*What is required*.
Output all of the data exactly, keeping any images out of the copy.

*Input data*.
BEGIN
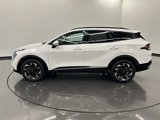 Used 2024 Kia Sportage SX image 5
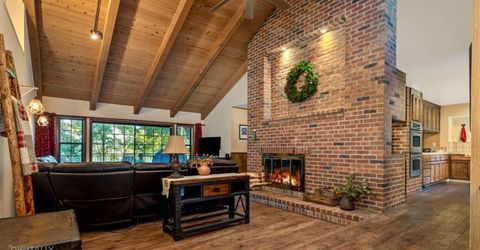 19048 Swallow Way, Penn Valley, CA 95946 Photo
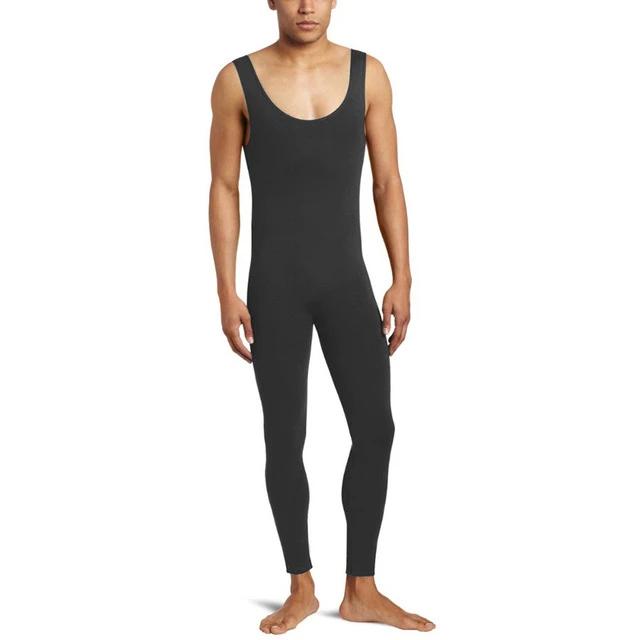 Tuta in lycra Drag Honduras I (Vari colori)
END
*Task result*.
 Used 2024 Kia Sportage SX image 5
 19048 Swallow Way, Penn Valley, CA 95946 Photo
 Tuta in lycra Drag Honduras I (Vari colori)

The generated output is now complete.